(What you have to do) The required answer is the run of lines from the one holding "For more information" to the end of the data below, copied exactly and free of pictures.

START Dataset excerpt

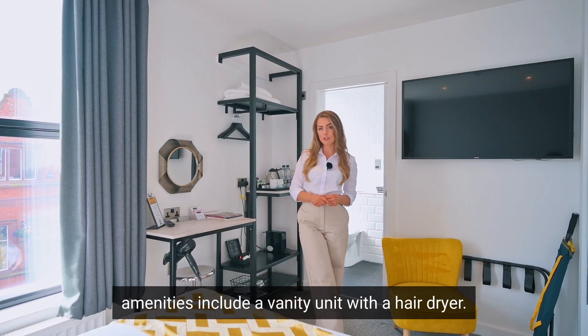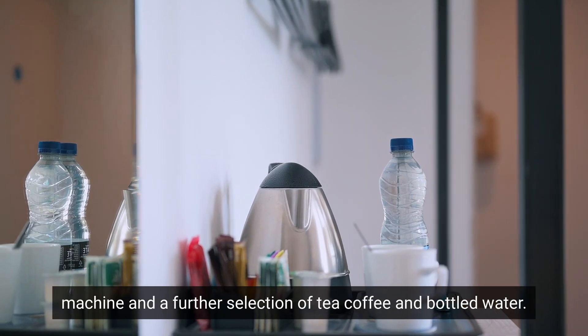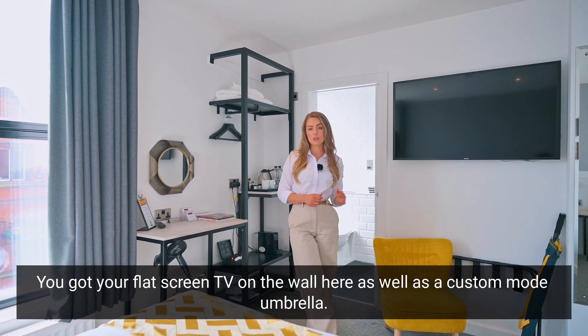Amenities include a vanity unit with a hairdryer, USB charging points, an espresso coffee machine and a further selection of tea, coffee and bottled water. You've got your flat screen TV on the wall here, as well as a custom Mode umbrella.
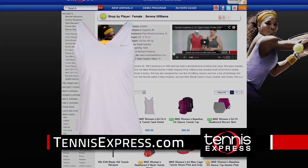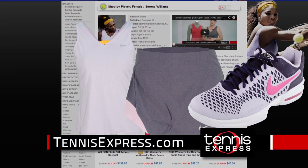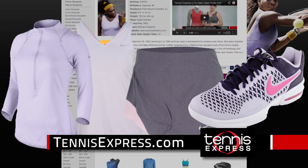Dominate like world number one Serena Williams in the V-back tank and heathered woven skirt with new Air Max Cage shoes and baseline half zip top.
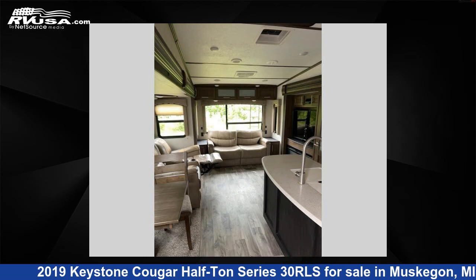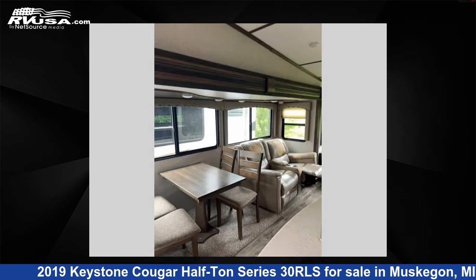For more information and pricing on this unit, and to see all units available for sale by Optimum RV Muskegon, visit RVUSA.com.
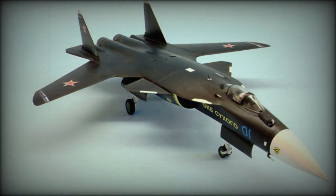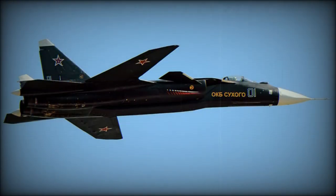Weapons carriage is said to be either on conventional pylons or in a semi-conformal arrangement to minimize radar cross-section. The type may also have an internal weapons bay.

END Dataset excerpt

(Result)
For more information and pricing on this unit, and to see all units available for sale by Optimum RV Muskegon, visit RVUSA.com.
Weapons carriage is said to be either on conventional pylons or in a semi-conformal arrangement to minimize radar cross-section. The type may also have an internal weapons bay.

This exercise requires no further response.